Excerpts from a dataset
>>>
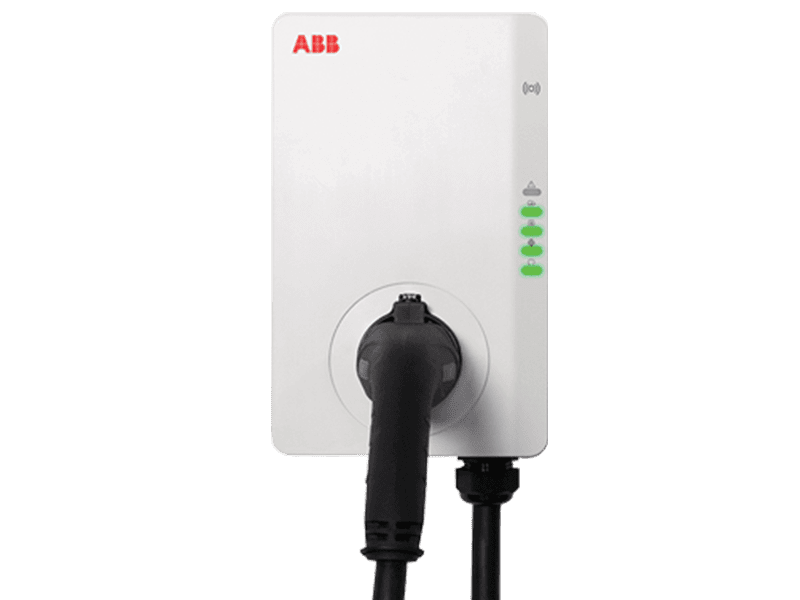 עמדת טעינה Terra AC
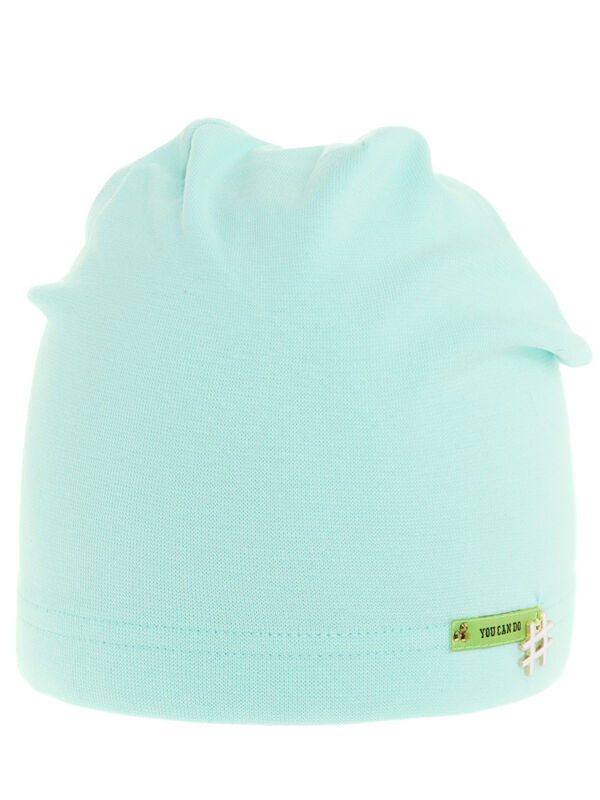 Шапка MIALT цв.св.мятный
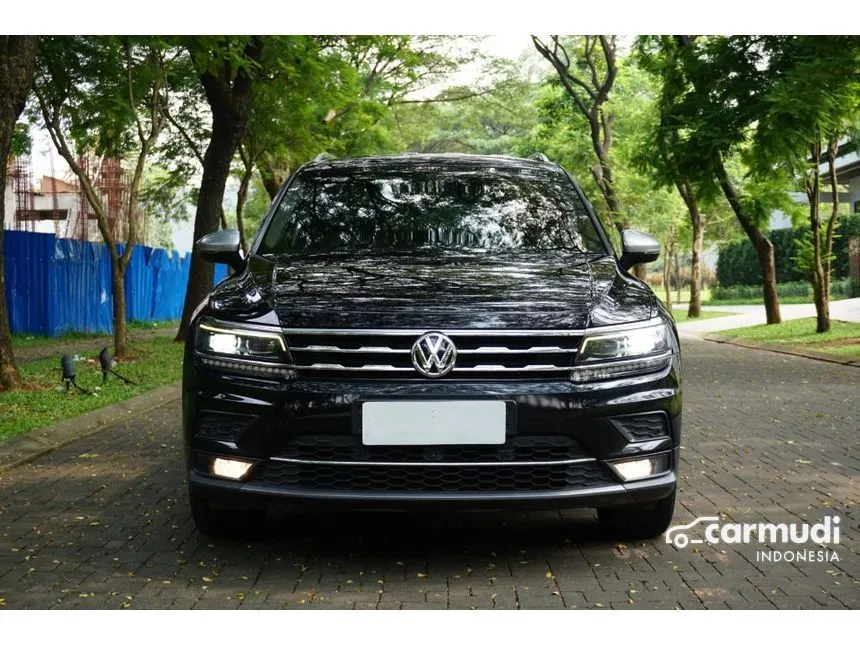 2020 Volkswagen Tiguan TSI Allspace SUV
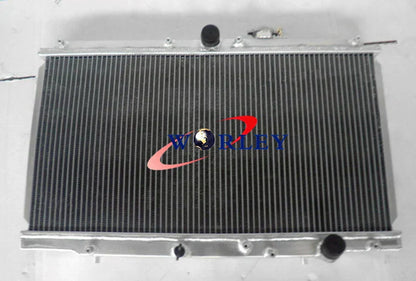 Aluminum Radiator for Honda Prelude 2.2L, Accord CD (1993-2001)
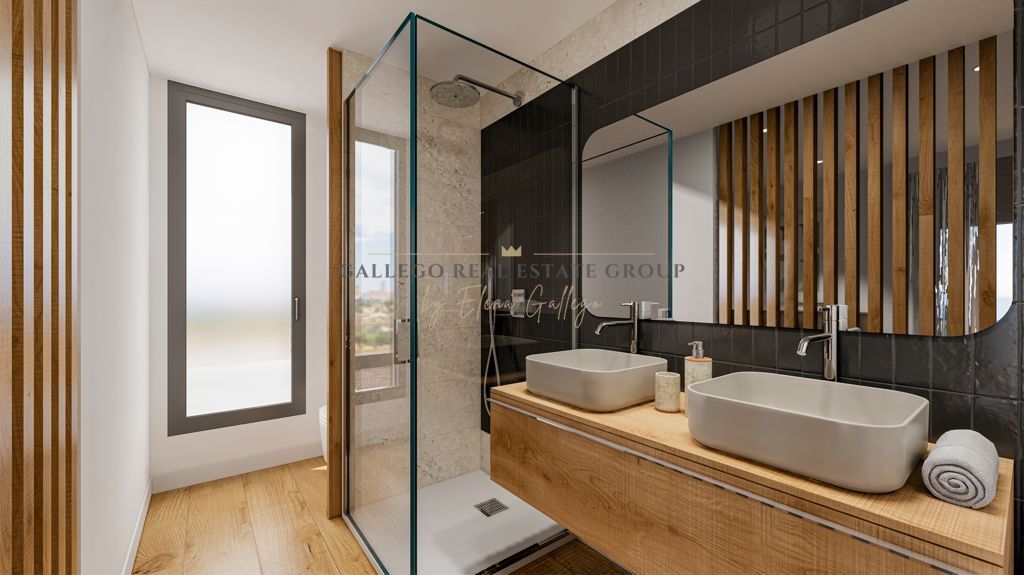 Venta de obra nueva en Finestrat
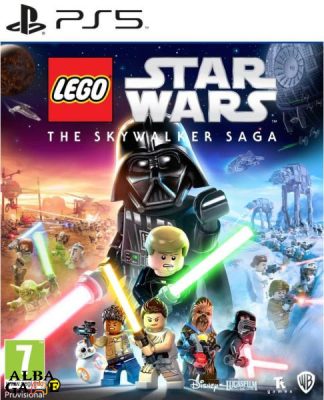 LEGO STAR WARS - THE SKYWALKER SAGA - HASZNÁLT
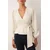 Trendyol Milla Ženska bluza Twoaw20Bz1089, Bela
<<<
_Required action_. Please restate word for word the lines above, starting with the line that holds "LEGO STAR WARS" and ending with the final line of the records, while leaving out pictures.

_Exercise output_.
 LEGO STAR WARS - THE SKYWALKER SAGA - HASZNÁLT
 Trendyol Milla Ženska bluza Twoaw20Bz1089, Bela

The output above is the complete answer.